WASHINGTON, April 25, 2017 -- With President Donald Trump’s axe thought to be looming over the entire North American Free Trade Agreement, three veteran advocates for the U.S. agricultural and manufacturing sectors called Wednesday for improving the 23-year-old pact while warning against economic damages of killing it.

In a counterpoint to Trump’s condemnations of the agreement – this week he said NAFTA “was a disaster and continues to be a disaster for our country” – all three speakers on a Farm Foundation paBnel at the National Press Club emphasized how extensively the accord has promoted integration of their Canadian, Mexican and U.S. sectors, and how much their continued business success depends upon that integration.

“The statements in the news that NAFTA has been . . . the worst trade agreement: That’s fake news,” said Bob Stallman, a Texas rice farmer and former president of the American Farm Bureau Federation. “I’m sorry, it’s just not accurate,” he said.

Instead, he summarized the long-term impact of NAFTA as adding a half percent annually to U.S. GDP growth, and for consumers, “lower prices and more choices” when they shop.

Meanwhile, Stallman said, American producers of all sorts have extensively integrated their businesses across the northern and southern borders to their benefit. The volume of agricultural trade since 1993 illustrates hi point, he said. (see chart)NAFTA slide 

Young Mexican cattle are imported, fattened and slaughtered in the U.S.,” he said, “then shipped back to Mexico in boxes. The [cattle sector] relationship is similar for the U.S. and Canada.” And as a rice farmer, he said that he watched NAFTA step Mexico’s import tariff on his commodity down to zero while American rice growers expanded from 9 percent to 21 percent the share of rice exports headed for Mexico – now by far their top foreign market.

Others on the panel echoed Stallman’s points. Integration of the continent’s three big economies “has enabled a competitive U.S. manufacturing industry,” said Linda Dempsey, the National Association of Manufacturers’ vice president of international economic affairs. U.S. manufacturers have “tripled exports to Mexico and Canada since 1993,” she reported, and more than a third of American manufactured exports go to those two countries. “In fact,” she said, “84 percent of Mexico’s manufactured imports come from the United States, and 73 percent of Canada’s come from the United States.”

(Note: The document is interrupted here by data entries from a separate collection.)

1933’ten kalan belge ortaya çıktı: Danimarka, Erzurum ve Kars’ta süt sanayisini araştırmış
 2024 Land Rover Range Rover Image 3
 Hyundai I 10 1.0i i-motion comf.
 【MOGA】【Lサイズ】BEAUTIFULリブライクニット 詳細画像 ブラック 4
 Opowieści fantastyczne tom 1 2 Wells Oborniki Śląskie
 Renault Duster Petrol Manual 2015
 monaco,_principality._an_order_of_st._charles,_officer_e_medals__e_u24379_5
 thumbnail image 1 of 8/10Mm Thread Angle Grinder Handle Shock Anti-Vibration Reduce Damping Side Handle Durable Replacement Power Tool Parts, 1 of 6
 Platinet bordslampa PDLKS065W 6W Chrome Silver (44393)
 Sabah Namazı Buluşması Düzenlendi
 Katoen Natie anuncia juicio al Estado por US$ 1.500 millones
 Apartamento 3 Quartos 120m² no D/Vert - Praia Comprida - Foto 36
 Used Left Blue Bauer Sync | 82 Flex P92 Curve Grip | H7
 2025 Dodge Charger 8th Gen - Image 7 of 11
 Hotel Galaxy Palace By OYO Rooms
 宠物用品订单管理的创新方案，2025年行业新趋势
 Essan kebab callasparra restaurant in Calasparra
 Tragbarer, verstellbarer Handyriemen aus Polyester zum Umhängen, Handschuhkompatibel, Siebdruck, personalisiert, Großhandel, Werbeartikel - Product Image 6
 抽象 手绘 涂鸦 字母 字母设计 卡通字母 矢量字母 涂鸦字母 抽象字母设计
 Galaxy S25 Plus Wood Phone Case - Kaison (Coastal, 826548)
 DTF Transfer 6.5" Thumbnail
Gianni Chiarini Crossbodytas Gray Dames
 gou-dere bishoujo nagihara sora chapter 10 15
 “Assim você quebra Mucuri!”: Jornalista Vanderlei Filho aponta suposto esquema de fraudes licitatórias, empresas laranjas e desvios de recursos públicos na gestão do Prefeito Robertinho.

What’s more, after 23 years of blending the three economies with NAFTA, Dempsey said, “over 43,000 manufacturing companies depend directly on imports from Mexico and Canada. Further, the U.S. will be much more challenged to find enough workers for manufacturing jobs than it is by oversupplies of workers: “Today there are more than 350,000 manufacturing jobs (that) go unfilled across the nation. In 10 years, we are forecast to have more than 2 million manufacturing jobs open and unfilled,” she said.

Melissa San Miguel, the Grocery Manufacturers Association’s global strategies director, also stressed the economic importance to North American economic integration. She pointed out that food and beverage makers are the largest employer in the U.S. manufacturing sector and that nearly half of all U.S. processed food and beverage products are destined for Mexico and Canada. For example, she said, 90 percent of Canada’s oat exports go to the U.S., where they are processed into countless products, with much of them shipped to Canada, Mexico and other foreign markets. draft executive order

All three speakers at Wednesday’s forum counseled strongly against killing the trade pact. And late Wednesday night, the White House released a statement saying the president had agreed not to terminate the deal. Instead, the statement said, the leaders of Canada and Mexico have agreed to "proceed swiftly" to renegotiate the agreement. Trump said he wants to "bring NAFTA up to date through renegotiation."

It is worth noting that NAFTA gives the United States much more preferential access to Mexico than it gives Mexico to the U.S.,” said Dempsey. So, “in the absence of NAFTA, U.S. manufacturers would face more than twice the tariffs as those Mexicans would face in the U.S.,” she said.

On the other hand, “A lot has changed since 1993,” she said, and “NAFTA is certainly in need of updating,” including market access for some products withheld by Mexico and Canada in the pact, better adherence to science-based rules for food safety, reciprocal access to government procurement markets, and so forth. NAFTA improvements might even spell some collaboration by the three countries to address unfair trade practices by China, she suggested.

As a first step, Stallman urges the U.S. administration to hold preliminary trilateral meetings with Mexico and Canada to look for ways to improve NAFTA, “and at the same time, don’t go backwards” and retract rules that are helping promote North American trade.

But, he said, “to make that happen, all industries are going to have to start stepping up more than what has happened so far,” pressuring Trump and Congress, and making a stronger case to the America public as to “why trade matters and why trade is good.”